Refusi degli studenti

Quindi mi sono adattato all’idea che correggere sia un male necessario e che gli errori vadano sanzionati. Come? Per ora posso solo togliere qualche punto da votazioni comunque inflazionate. In futuro mi piacerebbe che ogni refuso implicasse il versamento di 10 € in un fondo per l’acquisto occhiali (non da sole) dei docenti.

10 commenti

  1. Parla uno che ha osato scrivere che il Pò è un fiume e che dovebbe già un versamento di 10€.

    Il primo punto è questo: se ogni errore sono 10€, piuttosto che gli occhiali il fondo professori potrebbe prevedere Ferrari o Chrysler, vista l’incredibile mole e frequenza con cui si vedono.

    Perchè succede?

    A mio parere per 2 motivi:
    1- Il futuro non è scritto a mano, è a video. Se i programmi (citandone uno a caso: Word) hanno ormai un correttore automatico quasi ineccepibile, è logico che il povero studente disimpara, anche se acquista una notevole velocità di scrittura…Cosa è meglio?
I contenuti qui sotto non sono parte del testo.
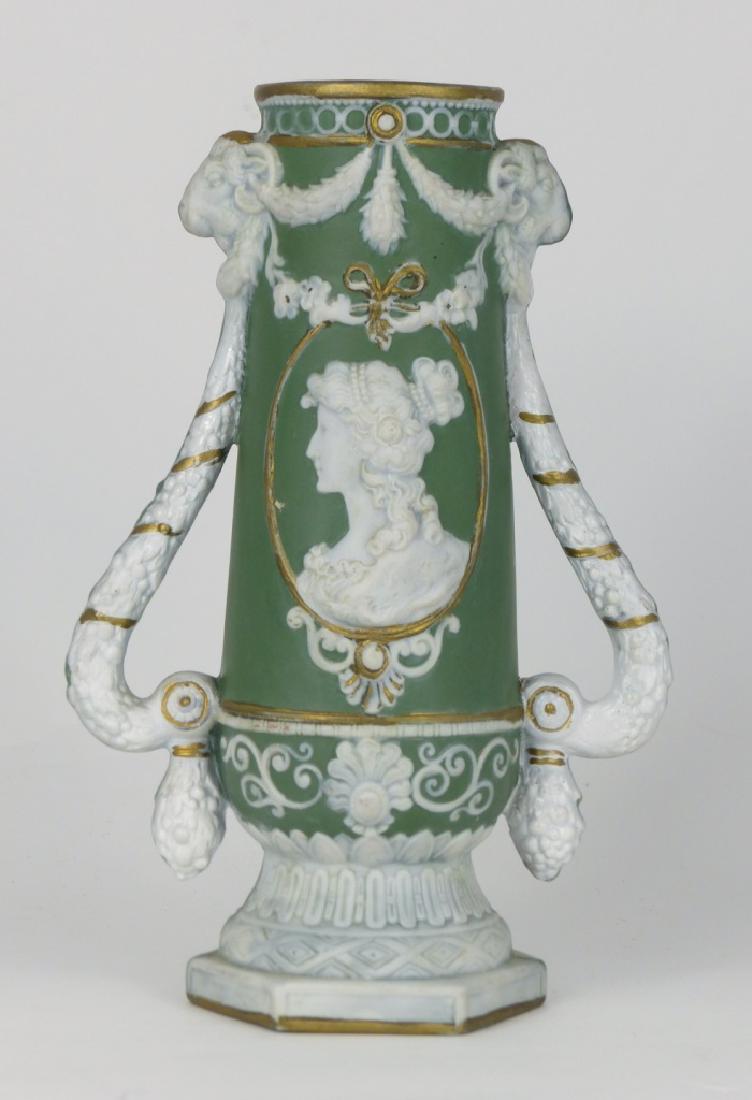 SCHAFER & VATER GERMAN JASPERWARE PORCELAIN VASE (1 of 5)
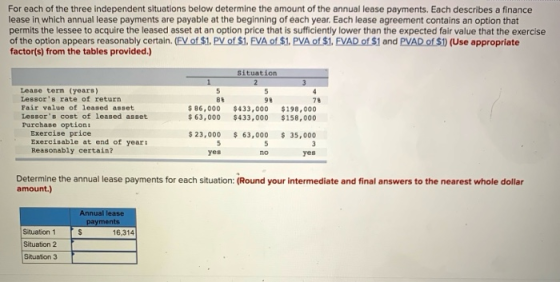 For each of the three independent situations below determine the amount of the annual lease payments. Each describes a financ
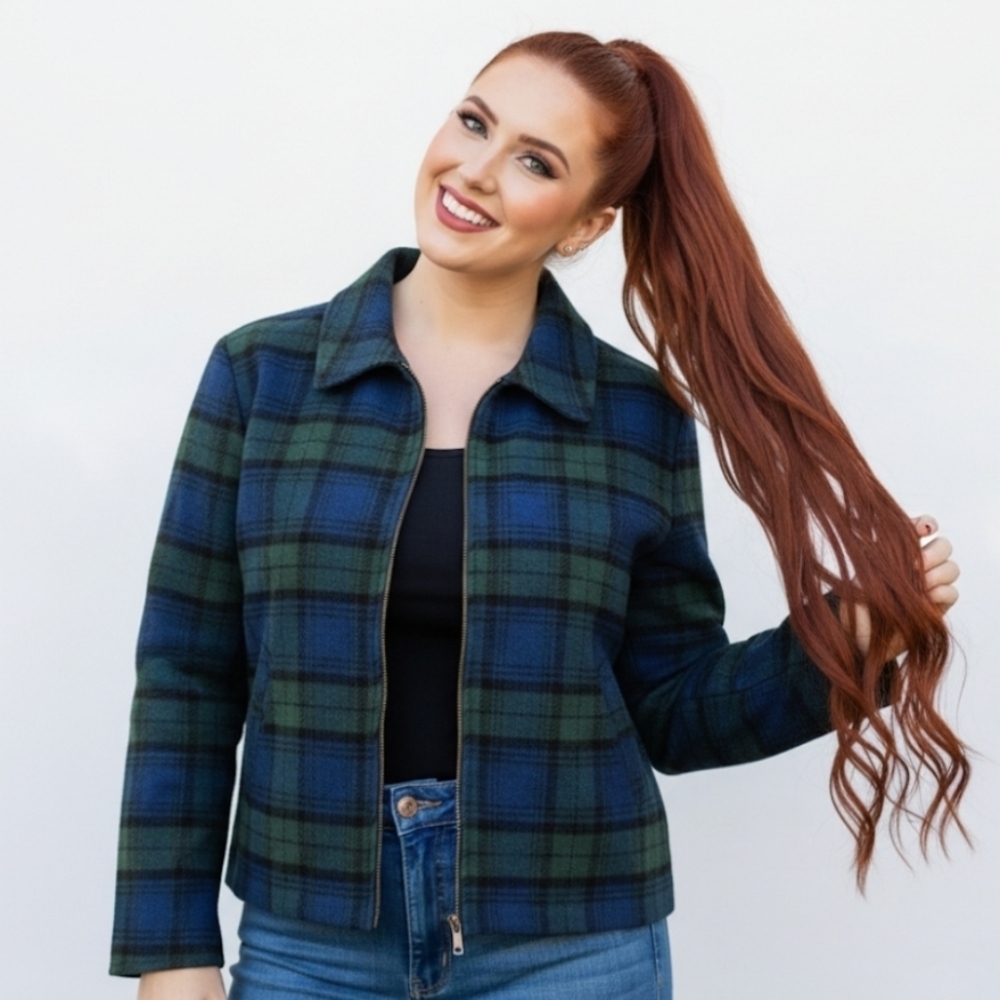 The Limited Western Wool Plaid Jacket Coat Full Zip Medium Adjustable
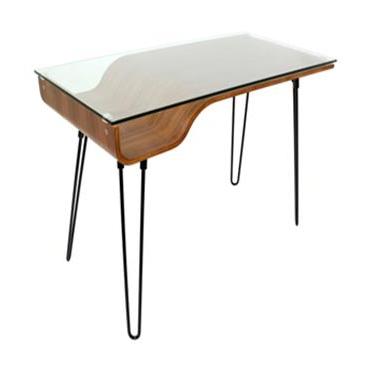 Lumisource Avery Desk In Walnut Top /Black Frame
    2- Almeno ai miei tempi, a scuola non esisteva la materia “correzioni”, ma solo l’odiatissima grammatica. La pecca è che non viene insegnata la parola scritta, ma il significato semantico, grammaticale, semiotico, infrasemiotico, avverbiale, nominale, preposizionale, paratattico eccetera. A cosa serve?
    Ti vedevi correggere le cose solo con una linea rossa.
    Logico che si impara dagli errori, ma se nessuno te li dice…insomma, se nessuno TE LI IMPARA…

  2. L’errore segue una logica perversa.

    Ci sono errori che sono fomentati e che la comunità riconosce come identificativi di sè stessi (vedi alcuni parlanti del Nord che mettono gli e la davanti ai nomi propri di persone) e altri che andrebbero bloccati sul nascere (cito Severgnini: se una parola non la sai in inglese scrivila in italiano o fatti capire, sempre meglio che produrre refusi).

    Degli errori citati da lei vedo anche il famoso pò: l’hanno inserito nell’ultimo esame di Semiotica del testo come opposto al po’ (giusto, troncamento della parola poco) e molti sono andati nel pallone (per poi scoprire che non esisteva).

    Addirittura c’è chi ha osato scrivere che pò sarebbe il fiume… no comment.

    Questi errori andrebbero bloccati e segnati subito; altrimenti si corre il rischio (come visto in una lettura del corso di Francese) di ritrovarsi manager di un’azienda e sbagliare i tempi verbali (una specie di Fantozzi francofono), facendo una figura colossale e dovendo far corsi di recupero in gran segreto.